Affiliation:
1. Department of Human Physiology and Pharmacology, The University of Adelaide, Adelaide, South Australia
Abstract
1. The relative ability of the renal and femoral vascular beds to remove infused angiotensin II and noradrenaline was examined in anaesthetized greyhounds.
2. The degree of extraction of infused drug by each vascular bed was expressed as a percentage, calculated by comparing the pressor response to intra-arterial infusion with that obtained when the same dose was administered by the intravenous route.
3. When compared with the same dose given intravenously, the pressor responses after renal artery administration of angiotensin II were reduced by a mean of 77·8 ± 4·1% (mean ± sem, n = 12), whereas those after femoral artery infusions at the same dose were reduced by a mean of only 27·2 ± 4·9%(n = 12).

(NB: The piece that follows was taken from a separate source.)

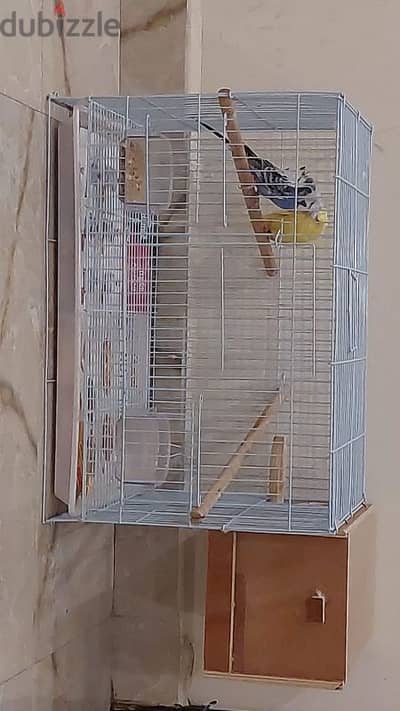 birds for sale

4. The pattern of extraction seen with noradrenaline infusions administered in a similar manner was the reverse of that with angiotensin II. There was a 28·9 ± 6·8% (n = 7) reduction in pressor responses to renal artery infusions; in contrast, femoral artery infusions of the same dose exhibited a 99·0 ± 1·0% (n = 7) reduction in the pressor responses.
5. Local arterial administration of the angiotensin II competitive antagonist, [Sar1,Ile8]angiotensin II, potentiated the systemic pressor responses to renal artery infusions of angiotensin II, but not those to femoral artery infusions.
6. It is suggested that the marked ability of the renal vascular bed to remove circulating angiotensin II may, in part, involve receptor-binding, although this seems not to be the case in the femoral vascular bed.